La police est liée tout aussi étroitement à l’action morale du pouvoir. Le ministre qui surveille les réunions publiques et les sociétés secrètes doit avoir dans ses attributions l’étude de la presse, les théâtres, les télégraphes et les secours publics. Il faut que tous les moyens préventifs dont la société dispose contre la pensée du crime et contre l’excès de la misère se trouvent dans ses mains, afin qu’il puisse accommoder son action aux circonstances. Ne lui donner que des moyens répressifs, ce serait faire uniquement du ministre un gendarme. Sans reproche pour un corps qui rend d’inappréciables services, je voudrais prendre un peu plus haut le type du pouvoir.

Un ministère de la police détaché du ministère de l’intérieur supposerait, par voie de conséquence, un agent supérieur autre que le préfet et égal au préfet dans chaque département. Si l’on veut, en effet, spécialiser ce genre de service, il faut que les subordonnés, comme le chef, n’aient pas leur attention partagée par d’autres devoirs, et qu’on les choisisse en raison du dévouement tout particulier dont ils ont à faire preuve. Voyez pourtant où cela mène. Deux préfets, deux administrations, deux états-majors, deux directions par département ! Je ne parle pas du surcroît de dépenses ; mais je demande s’il y aurait quelque chose de bien sérieux et de bien moral en matière de gouvernement à multiplier et à faire prédominer ainsi partout l’action de la police, et si c’est là le piédestal que l’on veut donner à l’ordre républicain.

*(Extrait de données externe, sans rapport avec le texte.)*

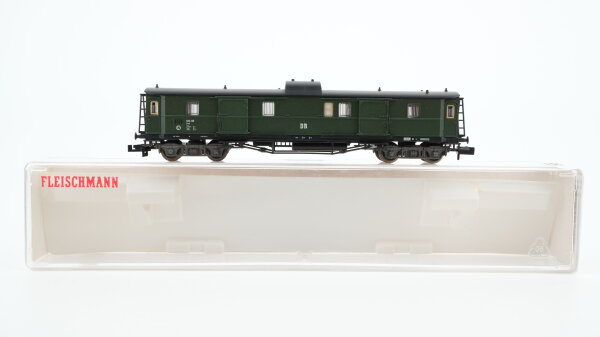 Fleischmann N 8784K Gepäckwagen DR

Il y a des hommes qui, après avoir vécu vingt ou trente ans dans l’opposition, apportant aux affaires plus de préjugés que de principes à l’épreuve de la pratique, ne savent pas prononcer le nom de la police sans une certaine horreur. Ceux-là prennent évidemment la police pour une institution immorale. Je n’éprouve pas les mêmes appréhensions en abordant une nécessité d’ordre public. La police honnêtement faite, la police qui prévient, est une magistrature comme la justice qui réprime ; mais, de même qu’un état social qui prodiguerait les châtimens aurait quelque chose de barbare, ainsi un gouvernement qui s’absorberait dans la police courrait le risque de fausser les caractères et de corrompre les mœurs. Laissons donc à chaque institutions son importance relative, et, si nous déplaçons le niveau de la société, que ce soit du moins pour l’élever.

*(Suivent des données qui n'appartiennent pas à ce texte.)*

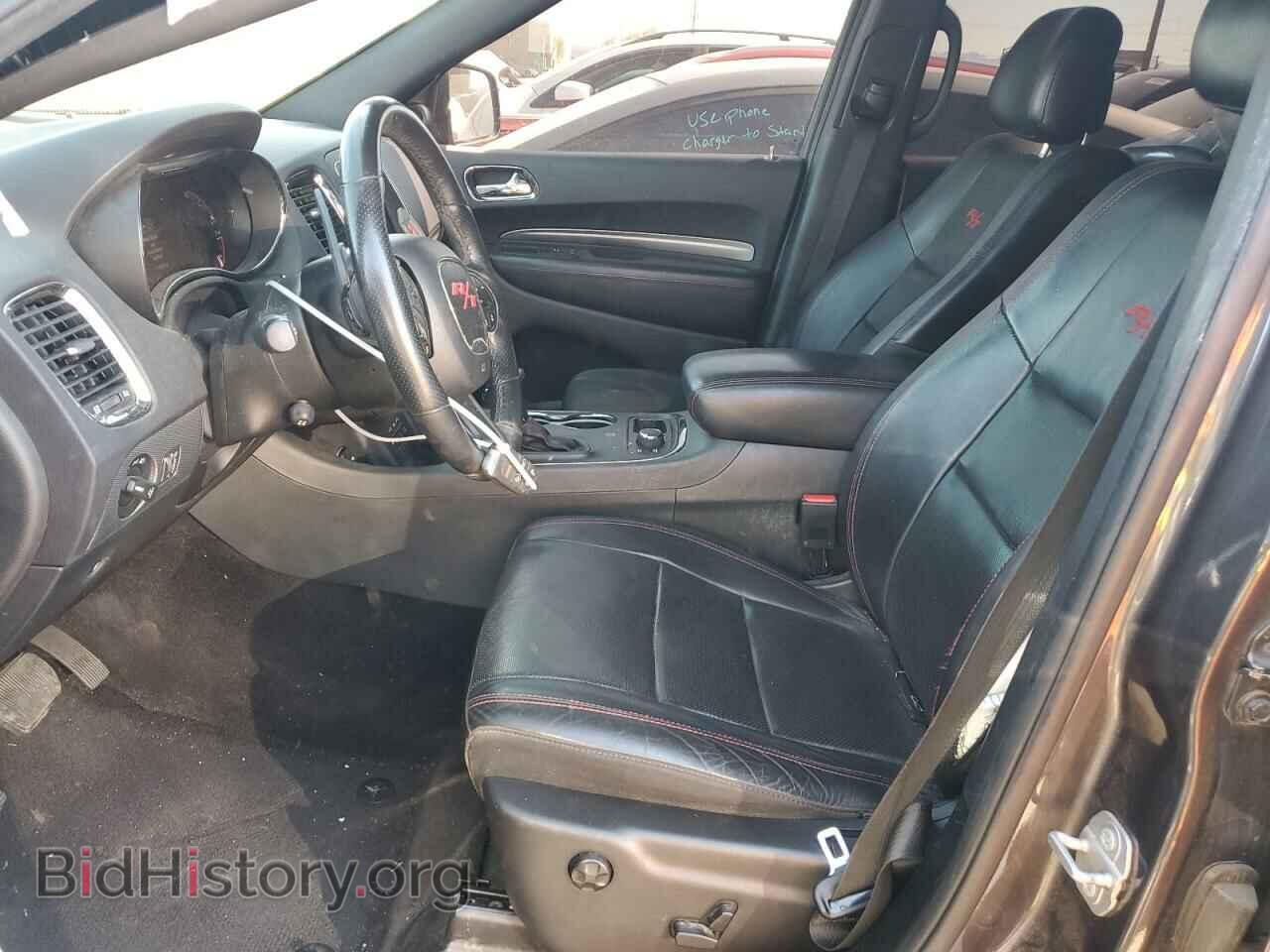 2018 DODGE DURANGO - VIN: 1C4SDJCT8JC415351 - Фото 7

On allègue, pour décider la création d’un ministère spécial de la police, que les renseignemens qui doivent frapper au moment opportun le regard du ministre s’éparpillent à travers plusieurs ministères et ne parviennent jamais aussi promptement qu’il le faudrait. Les préfets, nous dit-on, écrivent au ministre de l’intérieur, les procureurs-généraux au ministre de la justice, les colonel de gendarmerie au ministre de la guerre, et l’on perd beaucoup de temps à centraliser, lorsqu’il convient de le faire, tous ces documens venus des divers points de l’horizon administratif. Cette objection pèche par sa base. Tous les renseignemens qui peuvent servir à éclairer l’action de la police sont adressés au ministre de l’intérieur, tant par la gendarmerie que par les préfets. Les procureurs-généraux seuls correspondent avec le ministre de la justice, lequel transmet immédiatement à l’intérieur les dépêches réellement importantes. Pour compléter la centralisation dans le système actuel, il suffirait de prescrire à chaque procureur-général, dans chaque ressort, d’adresser directement au ministre de l’intérieur la copie des renseignemens qu’il transmet à son supérieur hiérarchique. Au surplus, quelque système que l’on adopte tout ministre de la justice aura la prétention bien légitime de n’autoriser aucune autre direction que la sienne pour tous ses subordonnés : les procureurs-généraux n’obéiraient pas plus au ministre de la police qu’ils n’obéissent aujourd’hui au ministre de l’intérieur. Le principe de la hiérarchie reste entier dans les deux cas, en supposant encore, ce que je ne suppose point, que la présidence du conseil soit déférée au ministre de la police. On ne gagnerait donc rien à cette innovation ou rénovation administrative. Ce serait une révolution d’intérieur sans objet comme sans portée.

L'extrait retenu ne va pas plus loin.